### [DATA SHOWN]
* * * *

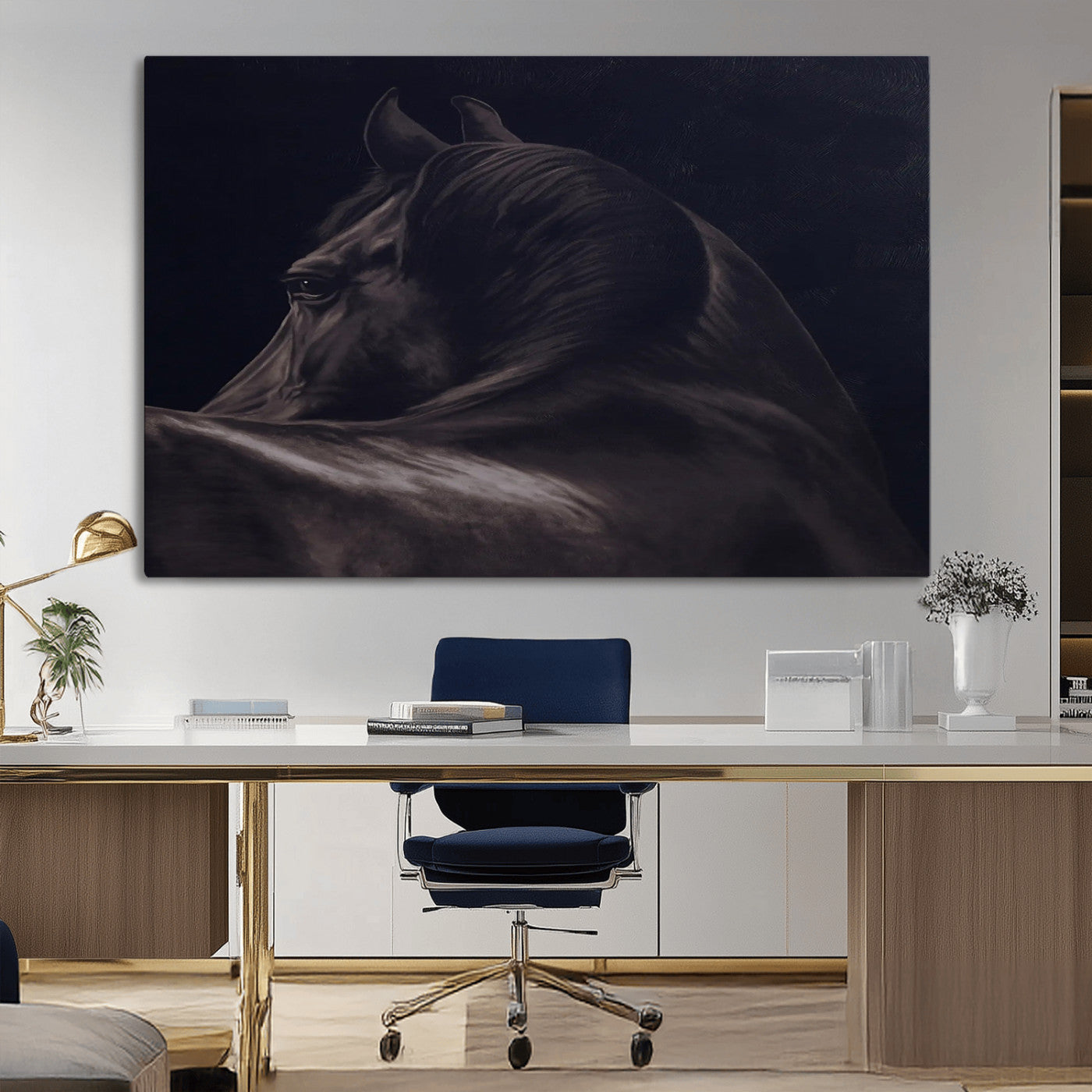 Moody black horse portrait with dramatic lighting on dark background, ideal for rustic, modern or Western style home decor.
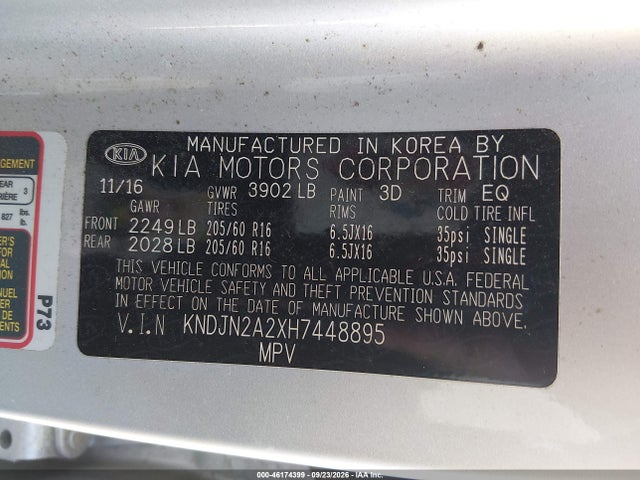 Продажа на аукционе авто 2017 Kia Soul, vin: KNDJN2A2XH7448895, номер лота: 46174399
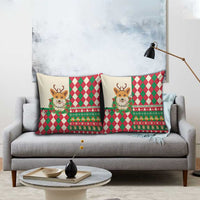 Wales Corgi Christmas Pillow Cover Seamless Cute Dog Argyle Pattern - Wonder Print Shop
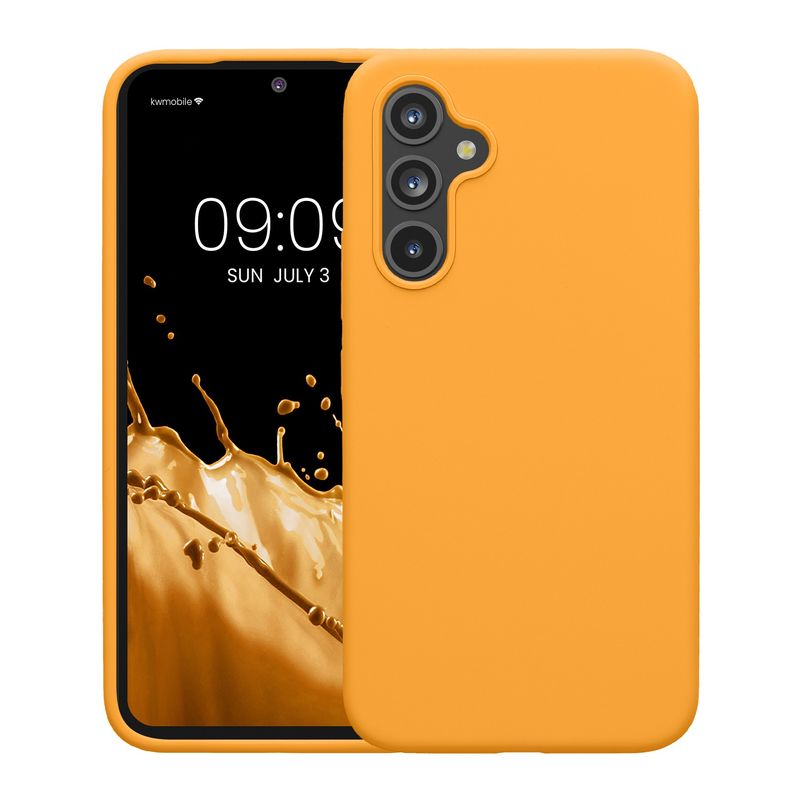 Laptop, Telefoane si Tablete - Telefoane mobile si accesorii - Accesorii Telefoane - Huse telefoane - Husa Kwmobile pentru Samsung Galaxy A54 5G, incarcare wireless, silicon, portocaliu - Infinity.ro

* * * *

### [WHAT IS BEING ASKED]
Go through the listing and restate each line word for word, leaving out the pictures.

### [RESPONSE AREA]
 Moody black horse portrait with dramatic lighting on dark background, ideal for rustic, modern or Western style home decor.
 Продажа на аукционе авто 2017 Kia Soul, vin: KNDJN2A2XH7448895, номер лота: 46174399
 Wales Corgi Christmas Pillow Cover Seamless Cute Dog Argyle Pattern - Wonder Print Shop
 Laptop, Telefoane si Tablete - Telefoane mobile si accesorii - Accesorii Telefoane - Huse telefoane - Husa Kwmobile pentru Samsung Galaxy A54 5G, incarcare wireless, silicon, portocaliu - Infinity.ro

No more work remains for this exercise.